Crawled caption data:

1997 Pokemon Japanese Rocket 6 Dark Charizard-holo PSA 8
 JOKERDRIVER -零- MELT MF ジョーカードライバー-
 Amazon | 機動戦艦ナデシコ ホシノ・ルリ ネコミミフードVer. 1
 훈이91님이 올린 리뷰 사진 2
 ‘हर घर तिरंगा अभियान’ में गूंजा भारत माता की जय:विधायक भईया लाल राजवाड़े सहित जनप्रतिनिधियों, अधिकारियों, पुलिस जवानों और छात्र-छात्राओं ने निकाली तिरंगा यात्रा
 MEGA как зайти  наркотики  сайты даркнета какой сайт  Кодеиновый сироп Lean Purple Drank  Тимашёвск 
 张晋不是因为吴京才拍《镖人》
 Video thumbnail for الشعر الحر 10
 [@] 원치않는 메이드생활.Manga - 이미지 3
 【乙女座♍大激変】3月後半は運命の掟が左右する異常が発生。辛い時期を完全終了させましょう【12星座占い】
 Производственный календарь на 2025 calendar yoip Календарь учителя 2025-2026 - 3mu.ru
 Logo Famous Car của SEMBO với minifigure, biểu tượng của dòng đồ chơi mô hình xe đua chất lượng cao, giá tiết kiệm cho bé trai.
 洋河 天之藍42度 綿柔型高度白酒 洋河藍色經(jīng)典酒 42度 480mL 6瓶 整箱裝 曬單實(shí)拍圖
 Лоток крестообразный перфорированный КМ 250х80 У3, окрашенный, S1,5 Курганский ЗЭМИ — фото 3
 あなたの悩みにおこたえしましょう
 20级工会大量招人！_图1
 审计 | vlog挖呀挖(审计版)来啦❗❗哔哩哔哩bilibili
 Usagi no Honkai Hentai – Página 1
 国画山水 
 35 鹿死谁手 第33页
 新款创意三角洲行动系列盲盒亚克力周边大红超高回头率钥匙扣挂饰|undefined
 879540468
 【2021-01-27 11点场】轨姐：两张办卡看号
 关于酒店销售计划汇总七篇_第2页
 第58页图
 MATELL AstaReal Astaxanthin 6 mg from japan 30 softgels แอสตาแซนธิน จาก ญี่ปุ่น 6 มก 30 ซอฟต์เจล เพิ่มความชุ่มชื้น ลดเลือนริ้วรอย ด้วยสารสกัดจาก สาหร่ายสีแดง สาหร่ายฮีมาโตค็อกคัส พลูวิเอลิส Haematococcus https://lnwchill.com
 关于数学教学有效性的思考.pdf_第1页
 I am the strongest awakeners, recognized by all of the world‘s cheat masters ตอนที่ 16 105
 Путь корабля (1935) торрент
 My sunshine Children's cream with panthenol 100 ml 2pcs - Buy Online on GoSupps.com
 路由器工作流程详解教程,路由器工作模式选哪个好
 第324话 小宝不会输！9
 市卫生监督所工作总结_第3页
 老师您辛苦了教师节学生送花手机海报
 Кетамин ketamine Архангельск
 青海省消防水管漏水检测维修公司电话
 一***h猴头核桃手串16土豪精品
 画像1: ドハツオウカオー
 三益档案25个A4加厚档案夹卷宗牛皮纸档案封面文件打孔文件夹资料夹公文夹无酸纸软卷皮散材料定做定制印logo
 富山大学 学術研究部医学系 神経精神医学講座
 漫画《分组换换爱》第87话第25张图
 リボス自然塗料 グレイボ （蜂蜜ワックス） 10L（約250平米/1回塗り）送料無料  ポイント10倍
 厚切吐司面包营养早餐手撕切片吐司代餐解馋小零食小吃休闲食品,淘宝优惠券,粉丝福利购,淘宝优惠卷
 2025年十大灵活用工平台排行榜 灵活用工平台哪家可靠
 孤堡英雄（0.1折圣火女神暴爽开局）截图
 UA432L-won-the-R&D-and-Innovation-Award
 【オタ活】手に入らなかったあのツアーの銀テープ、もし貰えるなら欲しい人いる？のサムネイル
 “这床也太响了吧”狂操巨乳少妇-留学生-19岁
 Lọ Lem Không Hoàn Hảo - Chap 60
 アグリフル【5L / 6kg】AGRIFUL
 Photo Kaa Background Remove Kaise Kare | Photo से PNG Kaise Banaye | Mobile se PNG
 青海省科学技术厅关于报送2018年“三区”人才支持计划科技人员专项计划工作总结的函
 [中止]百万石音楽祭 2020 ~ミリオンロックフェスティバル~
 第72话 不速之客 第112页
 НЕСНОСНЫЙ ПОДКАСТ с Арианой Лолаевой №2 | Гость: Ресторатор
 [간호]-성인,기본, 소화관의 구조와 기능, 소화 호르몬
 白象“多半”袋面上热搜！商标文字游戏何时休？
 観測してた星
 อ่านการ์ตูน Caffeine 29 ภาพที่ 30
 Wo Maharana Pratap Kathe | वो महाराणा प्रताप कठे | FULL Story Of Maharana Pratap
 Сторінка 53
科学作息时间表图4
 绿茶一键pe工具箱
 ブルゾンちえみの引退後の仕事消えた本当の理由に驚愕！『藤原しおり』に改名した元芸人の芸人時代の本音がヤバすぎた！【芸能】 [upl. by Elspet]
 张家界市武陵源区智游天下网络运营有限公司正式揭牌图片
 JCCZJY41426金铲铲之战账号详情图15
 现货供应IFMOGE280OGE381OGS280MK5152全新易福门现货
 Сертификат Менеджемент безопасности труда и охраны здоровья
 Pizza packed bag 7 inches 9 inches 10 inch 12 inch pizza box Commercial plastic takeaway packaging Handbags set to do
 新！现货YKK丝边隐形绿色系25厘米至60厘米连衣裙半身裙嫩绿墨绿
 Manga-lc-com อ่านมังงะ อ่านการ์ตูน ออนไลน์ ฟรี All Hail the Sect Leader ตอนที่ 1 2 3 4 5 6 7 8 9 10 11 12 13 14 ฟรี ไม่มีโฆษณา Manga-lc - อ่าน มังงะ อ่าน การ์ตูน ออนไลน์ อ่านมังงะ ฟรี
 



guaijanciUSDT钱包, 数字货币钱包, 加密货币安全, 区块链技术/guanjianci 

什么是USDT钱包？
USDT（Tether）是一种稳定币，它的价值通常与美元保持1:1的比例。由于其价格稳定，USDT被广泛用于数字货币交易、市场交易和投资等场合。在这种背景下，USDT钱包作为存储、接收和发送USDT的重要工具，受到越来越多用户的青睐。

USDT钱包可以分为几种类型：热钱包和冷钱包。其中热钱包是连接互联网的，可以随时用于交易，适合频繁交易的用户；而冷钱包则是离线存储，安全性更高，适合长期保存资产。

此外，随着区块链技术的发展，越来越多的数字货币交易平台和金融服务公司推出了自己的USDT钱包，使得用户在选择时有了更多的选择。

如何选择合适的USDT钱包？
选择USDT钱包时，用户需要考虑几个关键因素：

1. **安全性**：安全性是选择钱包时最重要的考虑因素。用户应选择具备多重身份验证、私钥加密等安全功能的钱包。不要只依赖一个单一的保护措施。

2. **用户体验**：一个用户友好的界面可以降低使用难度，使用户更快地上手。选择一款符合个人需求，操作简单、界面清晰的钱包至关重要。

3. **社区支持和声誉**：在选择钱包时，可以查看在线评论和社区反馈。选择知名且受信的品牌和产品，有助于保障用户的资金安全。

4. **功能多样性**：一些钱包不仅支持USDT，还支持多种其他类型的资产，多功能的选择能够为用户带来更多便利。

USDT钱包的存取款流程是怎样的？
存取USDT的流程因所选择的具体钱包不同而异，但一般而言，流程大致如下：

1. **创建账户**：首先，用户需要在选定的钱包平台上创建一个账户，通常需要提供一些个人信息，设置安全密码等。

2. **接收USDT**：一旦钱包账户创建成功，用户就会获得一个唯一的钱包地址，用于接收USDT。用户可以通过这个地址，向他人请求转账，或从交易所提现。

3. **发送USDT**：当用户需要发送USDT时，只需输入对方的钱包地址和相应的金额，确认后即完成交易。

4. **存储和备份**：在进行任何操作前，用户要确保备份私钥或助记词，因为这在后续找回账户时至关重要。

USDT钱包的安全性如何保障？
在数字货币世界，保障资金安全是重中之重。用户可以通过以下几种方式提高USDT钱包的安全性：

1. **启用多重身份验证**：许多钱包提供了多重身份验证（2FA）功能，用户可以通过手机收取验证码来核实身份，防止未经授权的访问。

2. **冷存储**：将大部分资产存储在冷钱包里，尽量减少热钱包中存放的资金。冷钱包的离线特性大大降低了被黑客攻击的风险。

◆ **What is needed**
Please quote exactly the lines from the one containing "4. **功能多样性**：一" through the last line of the records above, both included, and nothing else.

◆ **Answer below**
4. **功能多样性**：一些钱包不仅支持USDT，还支持多种其他类型的资产，多功能的选择能够为用户带来更多便利。

USDT钱包的存取款流程是怎样的？
存取USDT的流程因所选择的具体钱包不同而异，但一般而言，流程大致如下：

1. **创建账户**：首先，用户需要在选定的钱包平台上创建一个账户，通常需要提供一些个人信息，设置安全密码等。

2. **接收USDT**：一旦钱包账户创建成功，用户就会获得一个唯一的钱包地址，用于接收USDT。用户可以通过这个地址，向他人请求转账，或从交易所提现。

3. **发送USDT**：当用户需要发送USDT时，只需输入对方的钱包地址和相应的金额，确认后即完成交易。

4. **存储和备份**：在进行任何操作前，用户要确保备份私钥或助记词，因为这在后续找回账户时至关重要。

USDT钱包的安全性如何保障？
在数字货币世界，保障资金安全是重中之重。用户可以通过以下几种方式提高USDT钱包的安全性：

1. **启用多重身份验证**：许多钱包提供了多重身份验证（2FA）功能，用户可以通过手机收取验证码来核实身份，防止未经授权的访问。

2. **冷存储**：将大部分资产存储在冷钱包里，尽量减少热钱包中存放的资金。冷钱包的离线特性大大降低了被黑客攻击的风险。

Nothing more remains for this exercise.